## Short text fragments from websites
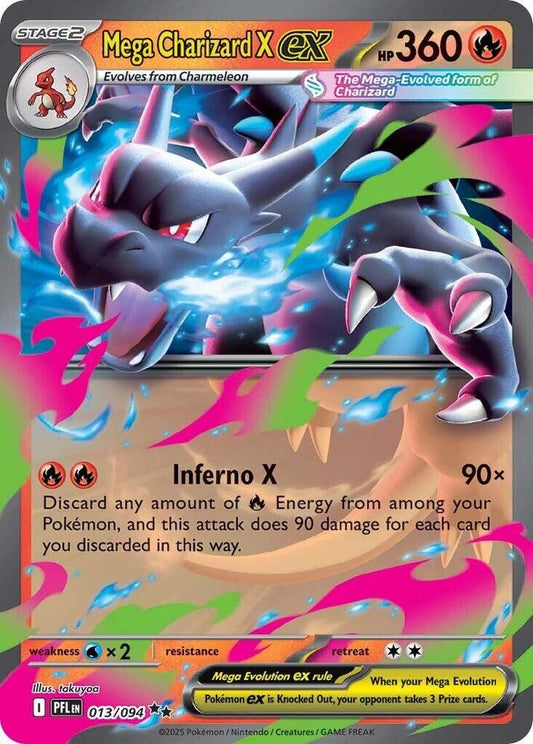 Mega Charizard X ex - 013/094 [ME02: Phantasmal Flames] 013/094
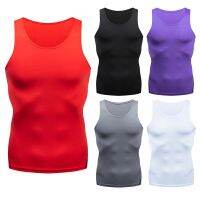 HOT14★ผู้ชายกีฬาฟิตเนสการบีบอัด Tank Top ฟิตเนสออกกำลังกาย Slimming Body Shaper เสื้อยืด Tights เสื้อกีฬา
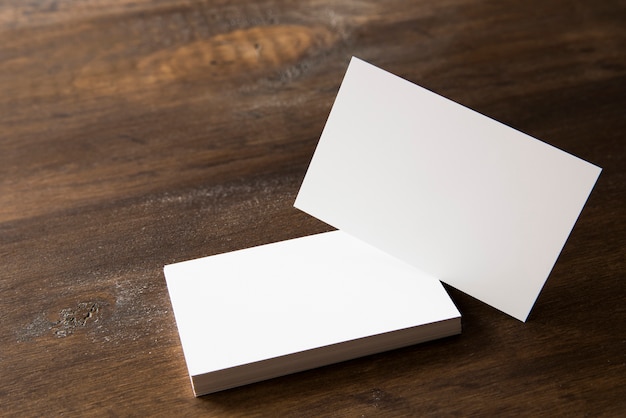 business card presentation concept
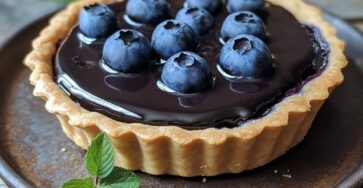 The Original Blueberry Ganache Tart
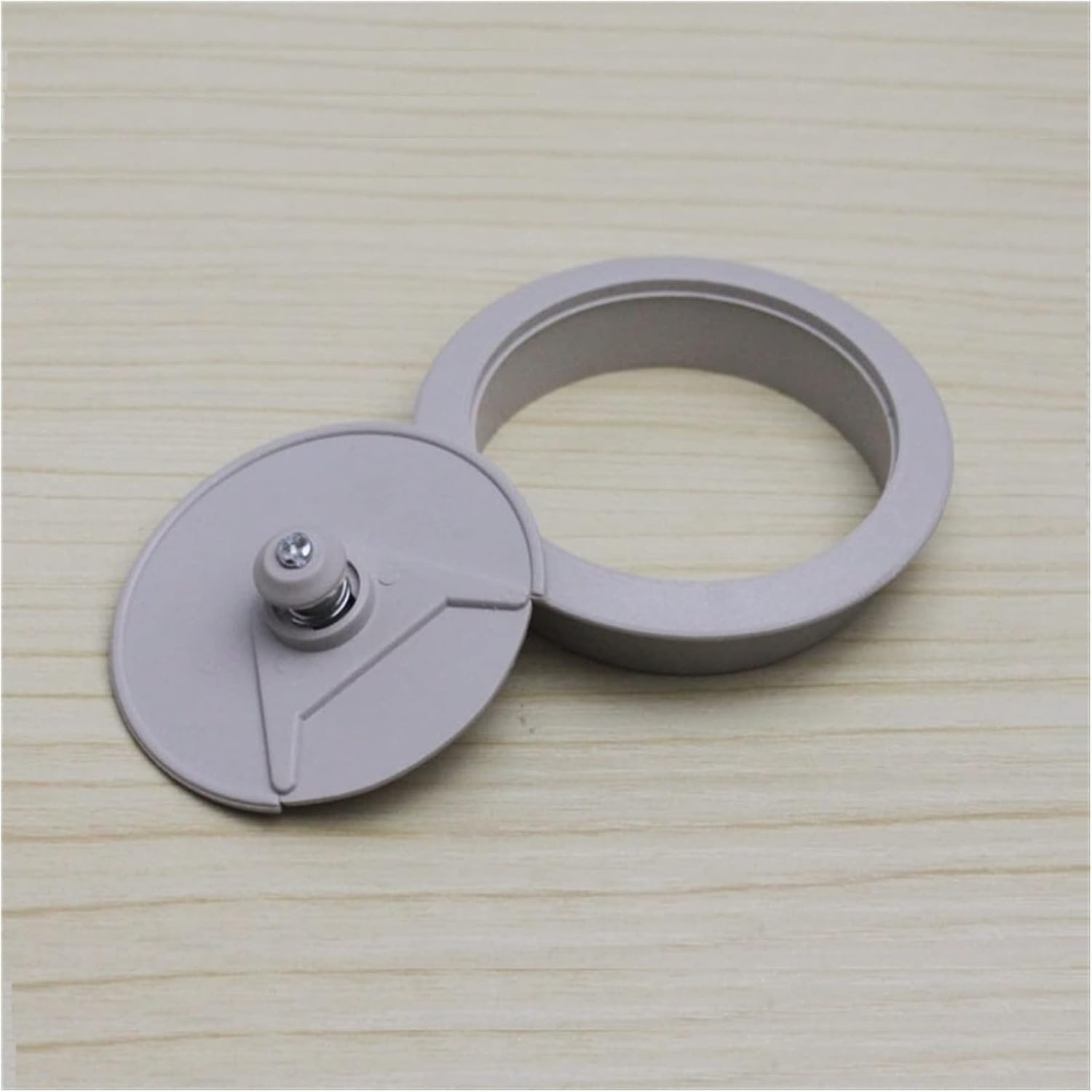 Desk Grommet，Cable Grommet， 10PCS/ 60mm 53mm 50mm Computer Desk Table Grommet Cable Port Wire Hole Cover(Gray,50mm)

## ABOUT THIS TASK
Leave out each picture and extract the lines from the one containing "HOT14★ผู้ชายกีฬาฟิตเนสการบีบอัด Tank Top" through the end of the records above, inclusive, exactly as they stand.

## ANSWER FOR THE TASK
 HOT14★ผู้ชายกีฬาฟิตเนสการบีบอัด Tank Top ฟิตเนสออกกำลังกาย Slimming Body Shaper เสื้อยืด Tights เสื้อกีฬา
 business card presentation concept
 The Original Blueberry Ganache Tart
 Desk Grommet，Cable Grommet， 10PCS/ 60mm 53mm 50mm Computer Desk Table Grommet Cable Port Wire Hole Cover(Gray,50mm)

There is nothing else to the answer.